Hun culturele achtergrond werd bewaard doordat de vluchtelingen de oorspronkelijke rituelen bleven herhalen. Daaronder begrepen gezongen kerkmuziek en folkloristische liederen.

Samenvatting

Het Kerstconcert in Rotterdam werd zowel a capella uitgevoerd als instrumentaal. Alle schakeringen in de menselijke stem werden verkend, wat bepaald indrukwekkend was. Het ongelooflijke  bereik van de lage basstem tegenover de met een kopstem gezongen tenorpartij deed beseffen hoe krachtig  en toch ook hoe fragiel de stem kan klinken.  De stemmen klonken vast en helder vooral goed hoorbaar in de nummers  die solo gezongen werden.

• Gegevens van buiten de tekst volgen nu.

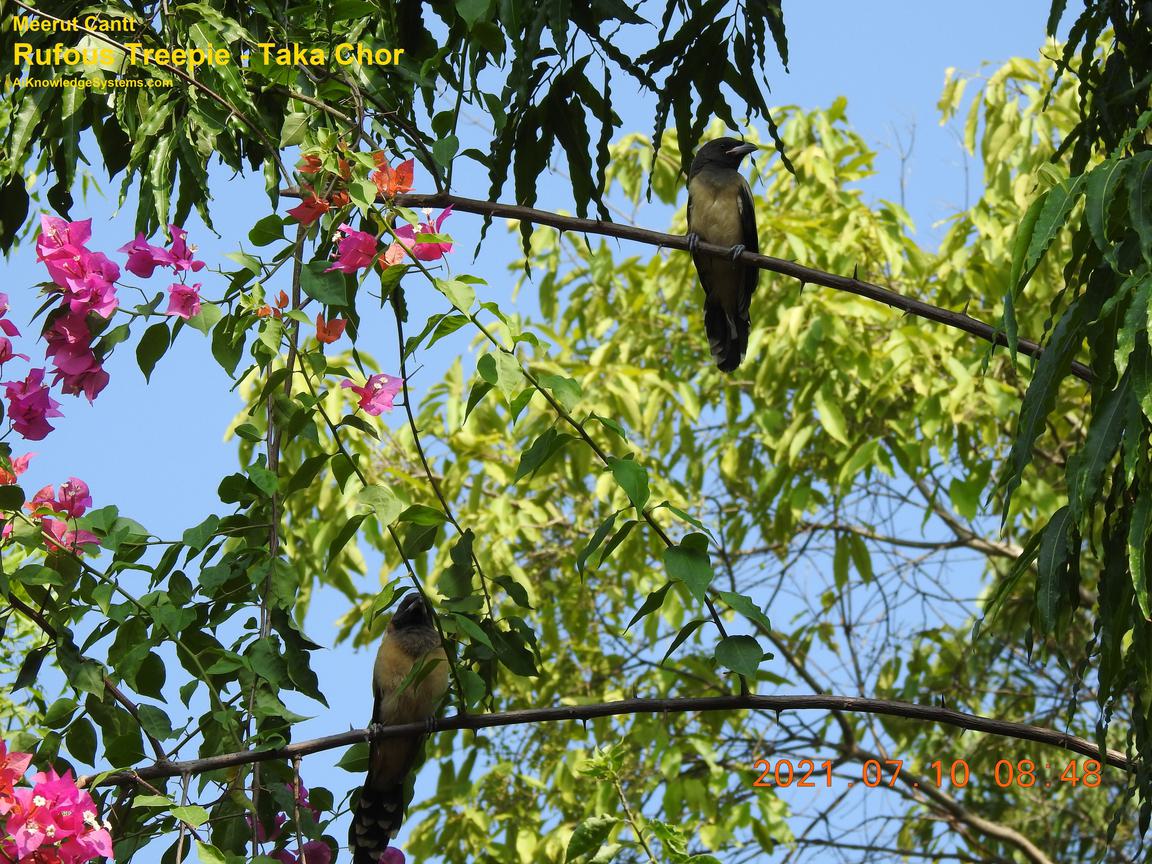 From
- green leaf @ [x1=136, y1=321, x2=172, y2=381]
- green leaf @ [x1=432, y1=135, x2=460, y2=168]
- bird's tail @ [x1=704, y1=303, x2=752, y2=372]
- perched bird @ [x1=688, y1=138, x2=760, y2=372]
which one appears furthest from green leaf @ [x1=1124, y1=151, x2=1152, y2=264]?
bird's tail @ [x1=704, y1=303, x2=752, y2=372]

Muzikale ondersteuning was eigenlijk niet nodig maar waar dat wel gebeurde klonk dat vrolijk. Ter afwisseling waren nummers met de bas- en sopraanbalalaika en de  bajan, een knoppenaccordeon, geprogrammeerd.
De virtuositeit van de zangers en de spelers werd onverbloemd en gedurfd gepresenteerd. Daarom was het een genoegen deze pure artiesten te zien optreden.
Een punt van kritiek is de presentatie. Via een verouderd vouwblaadje dat ook nog geld kost, en een cd waarop het actuele ensemble niet is te horen, Petrov uitgezonderd,  kan deze koorbezetting  zich niet onvergetelijk maken.   



Bespreking

Maar onvergetelijk worden als kozakkenkoor is toch minder afhankelijk van een pamflet dan van goed gezongen liederen. En daar ontbrak het niet aan in Rotterdam. De concertnummers werden ingeleid door  Igor Kourchine, een Russische danser en gastdocent aan de Nationale Ballet Academie in Amsterdam.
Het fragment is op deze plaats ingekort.